Sado-monetarists decry the doubling of the Fed's balance sheet, but is it enough?

THE FEDERAL OPEN MARKET COMMITTEE begins a two-day policy meeting Tuesday amid what now is conceded to be the worst financial crisis since 1930s. And, as in the Great Depression, the U.S. central bank is being criticized for being too easy and risking inflation amidst a severe debt deflation.

The Fed has doubled the size of its balance sheet in just seven weeks to attack the crisis. That has elicited squawks from what Barron's much-missed late friend and colleague, John Liscio, called the "sado-monetarists" who think that the central bank's efforts to cushion the pain of credit contraction invariably puts us on the road to perdition. As when he coined the phrase back in the early 1990s, the Fed is expanding its credit to offset the contraction in credit in the private sector.

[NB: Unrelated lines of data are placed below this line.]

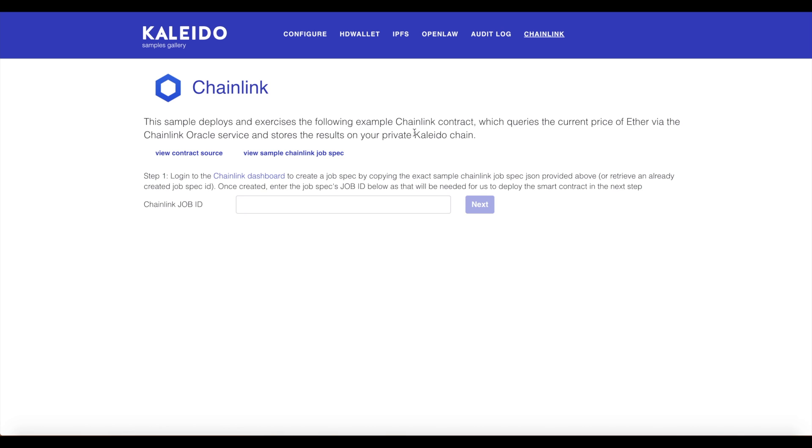The first thing we need to do is create a Chainlink job. This is what the smart contract is going to pass to the Chainlink node to let it know what it wants to do. Let's take a look at an example job spec.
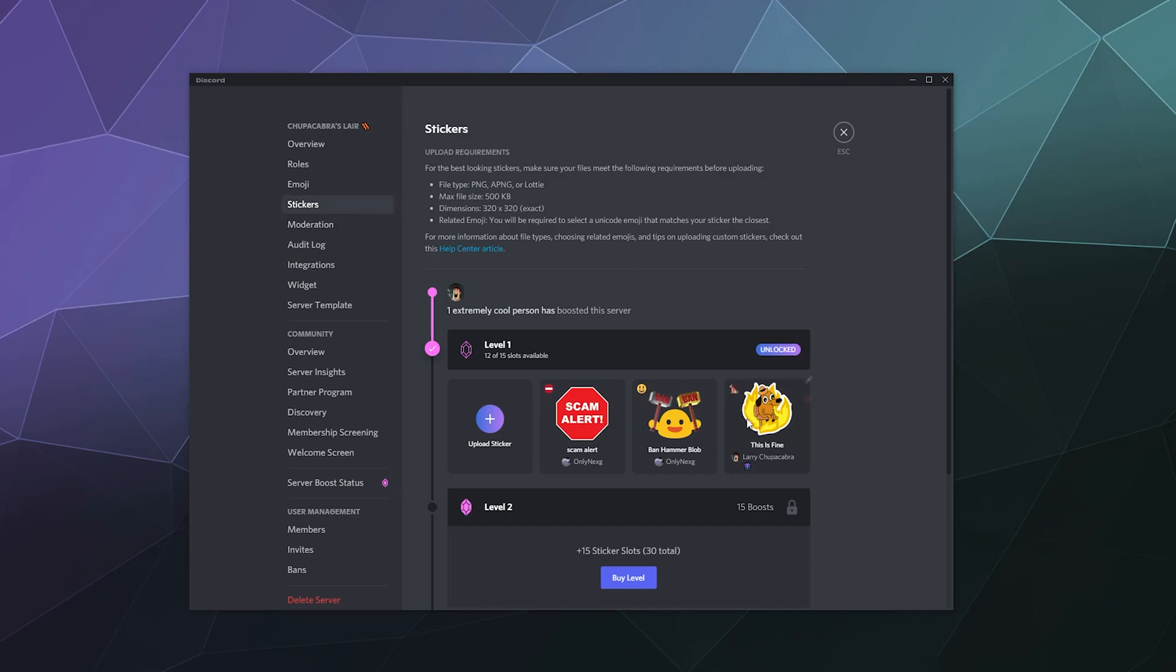Now unfortunately, for most people, you're not going to be able to utilize this feature because it requires you to have a Discord Nitro boosted server. In order to unlock that, you're going to have to have at least one or two boosts on your server.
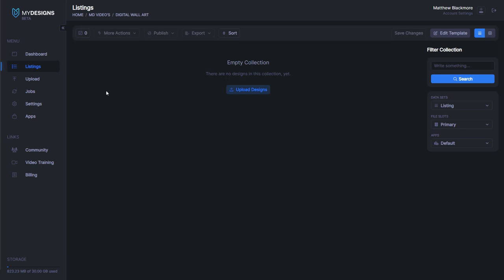The first thing we want to do is navigate to the listings tab on the left side menu of the My Designs webpage. If you don't have a collection created already, you will need to do that. I'm in an empty collection named Digital Wall Art, and from here we want to upload some designs.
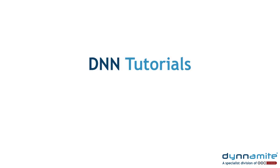Welcome to DNN Tutorials, brought to you by Dynamite, the specialist DNN division of BBI Brandboost.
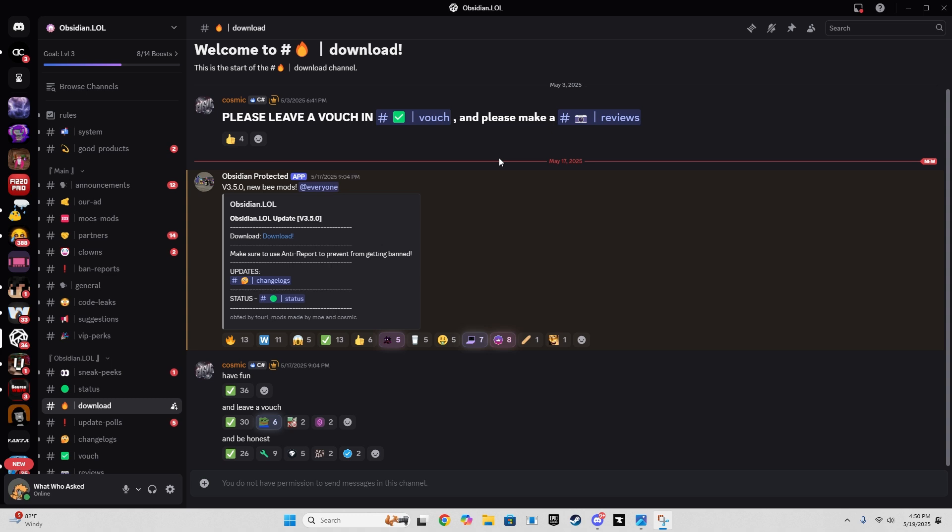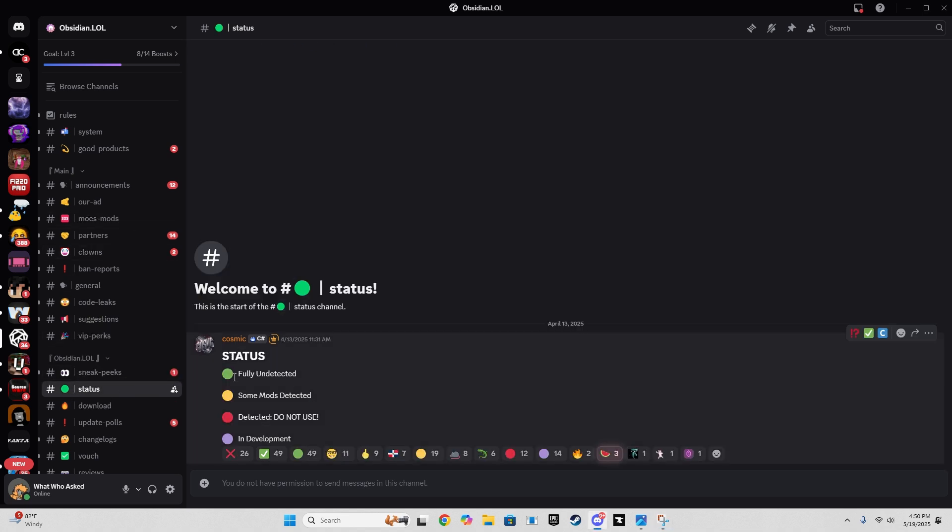So first, what you gotta do is go down to the description and click obsidian.lol's Discord server. Go to status and make sure it's fully undetected. If it's red, do not use it—I mean, it says that.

Michael T. Darda, chief economist of MKM Partners, notes the Fed has expanded its balance sheet by $900 billion since early September, a seeming eternity ago when the Mets were cruising to the post-season and temperatures were sizzling. But that seemingly Zimbabwe-like 206% annual rate of increase in the Fed's assets in the latest 26 weeks hasn't ignited a monetary inflation. Quite the opposite, in fact.

A record percentage -- nearly 25% -- of the high-powered money the Fed has provided effectively sit idle as excess reserves, Darda points out. In other words, banks are sitting on a huge precautionary cushion. Banks are hoarding cash and are loath to lend to each other except for overnight periods.

That means banks are unlikely to unleash a new, inflationary wave of lending; quite the opposite. Yet the high levels of excess reserves in 1937 caused the sado-monetarists of the day to sound the inflation alarm back then and spur the Fed to tighten. That aborted the recovery and extended the depression, resulting in a resumption of the bear market. (Note: check out long term stock price charts and you will clearly see how the stock market cratered in 1937 due to this Fed tightening).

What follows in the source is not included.